Em reação às declarações da ex-funcionária, o Facebook divulgou uma nota. “Continuamos a fazer melhorias significativas para combater a disseminação de informações incorretas e conteúdo prejudicial”, disse a empresa em comunicado.

Discussão sobre regulamentação

Há ainda revelações nas quais os senadores disseram ter criado um impulso para regulamentações mais rígidas sobre a gigante da tecnologia.

Os parlamentares pediram o fortalecimento das leis de privacidade e concorrência, proteções online especiais para crianças, mais transparência nos algoritmos de mídia social e endurecimento da responsabilidade das plataformas.

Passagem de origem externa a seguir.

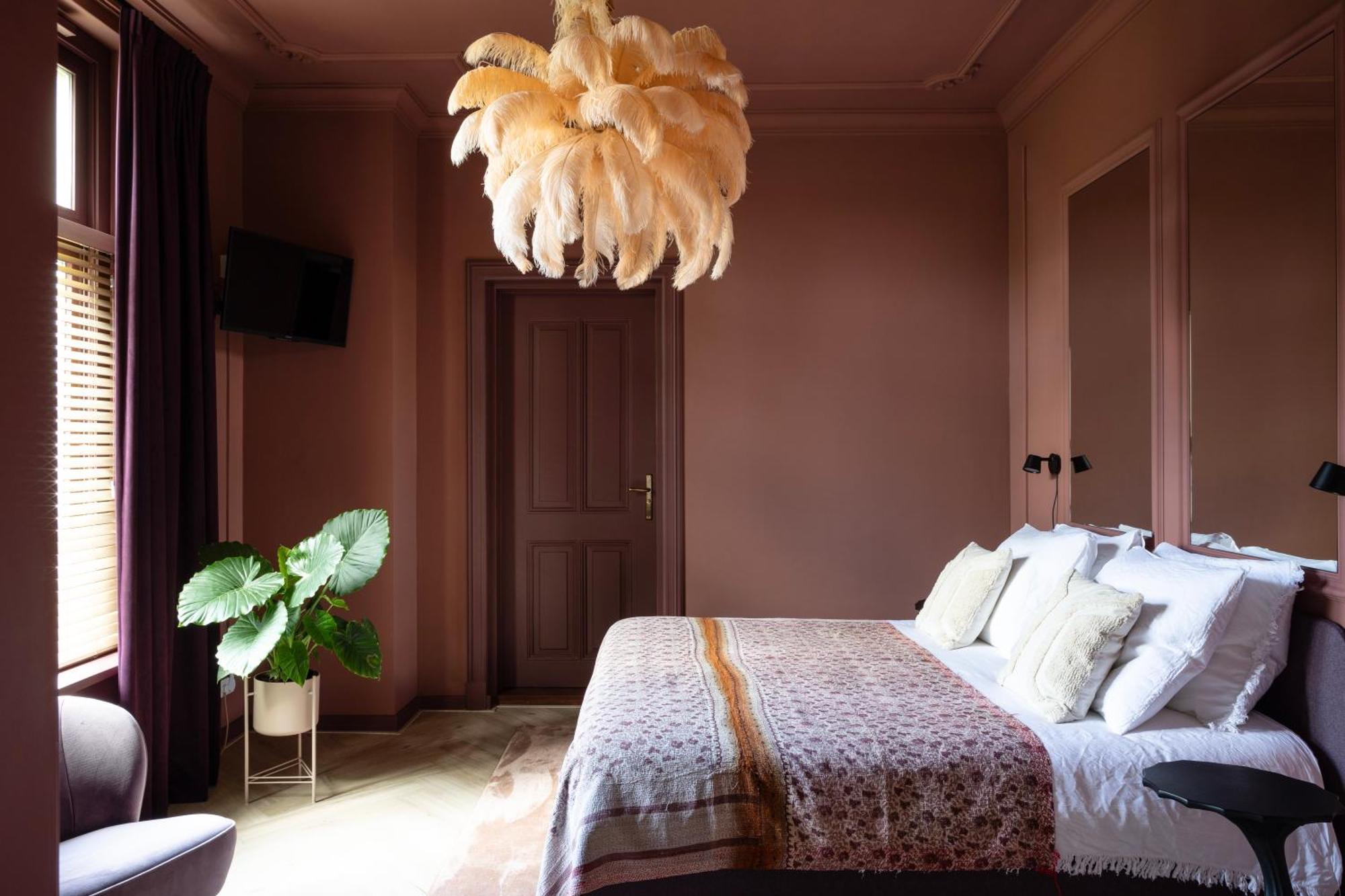 Boutique B&B Villa Van Voss Etten-Leur Zewnętrze zdjęcie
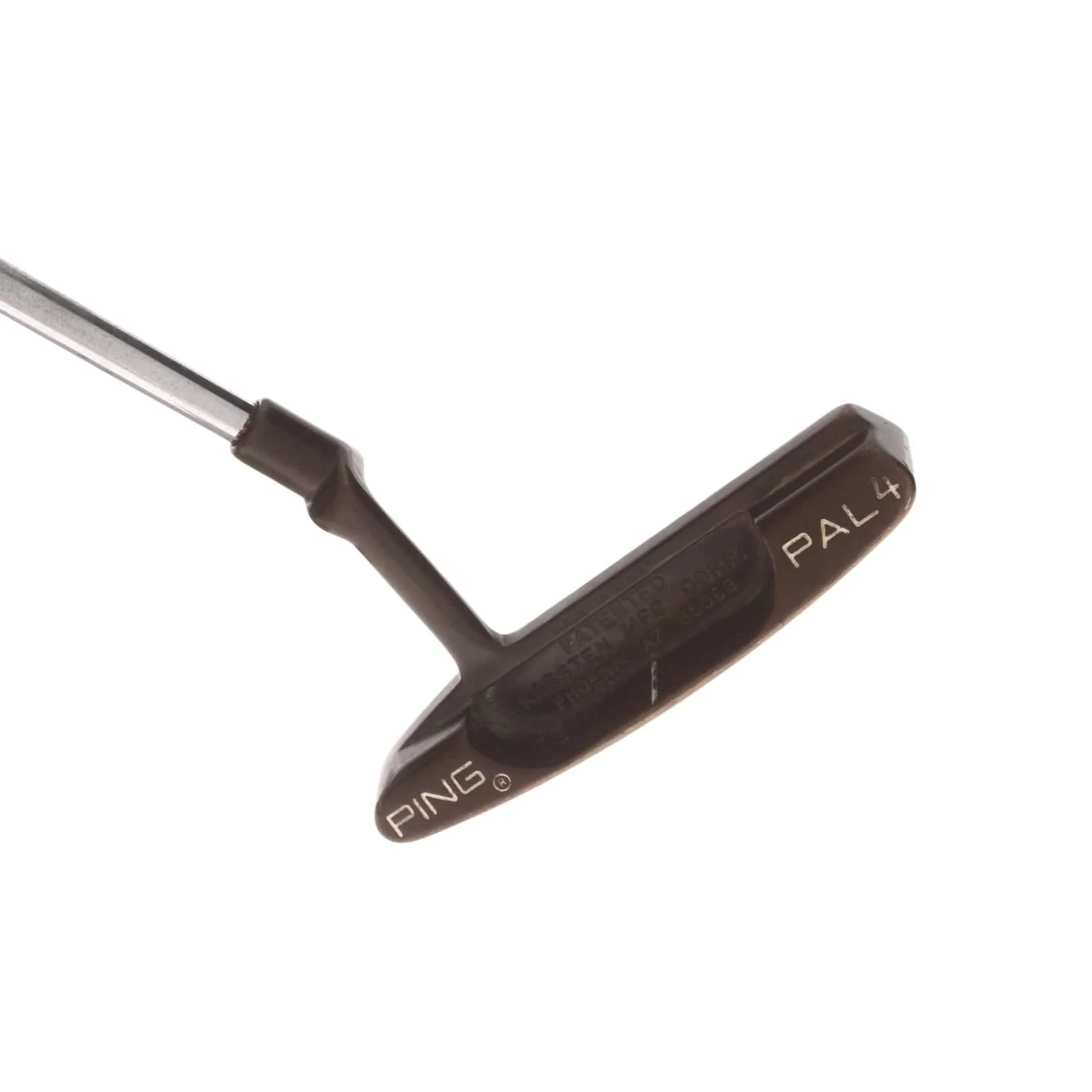 Ping Pal 4 Mens Right Hand Putter 34" Blade - Ping - Image 4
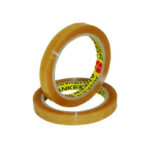 Σελοτέιπ, Διάφανο, Anker, 15mmX66m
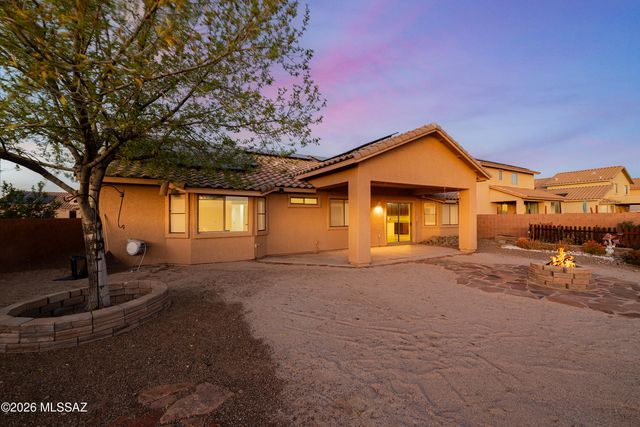 7720 E Big Meadow Drive, Tucson, AZ 85756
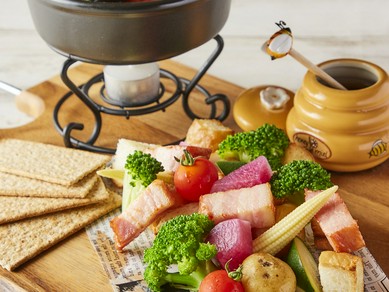 東京都の食べ放題のお店 食べ放題特集 ヒトサラ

“O Facebook sabe que os seus produtos podem ser tóxicos e viciantes para as crianças”, disse o senador Richard Blumenthal (Connecticut), que é  presidente do Subcomitê de Proteção ao Consumidor do Senado e conduziu a audiência.

Ele convocou o fundador do Facebook, Mark Zuckerberg, a comparecer perante o Congresso para testemunhar, classificando a empresa como “moralmente falida”.

O depoimento de Haugen motiva republicanos e democratas a atualizarem a lei de 1998 conhecida como Coppa, que rege os sites que coletam dados de crianças.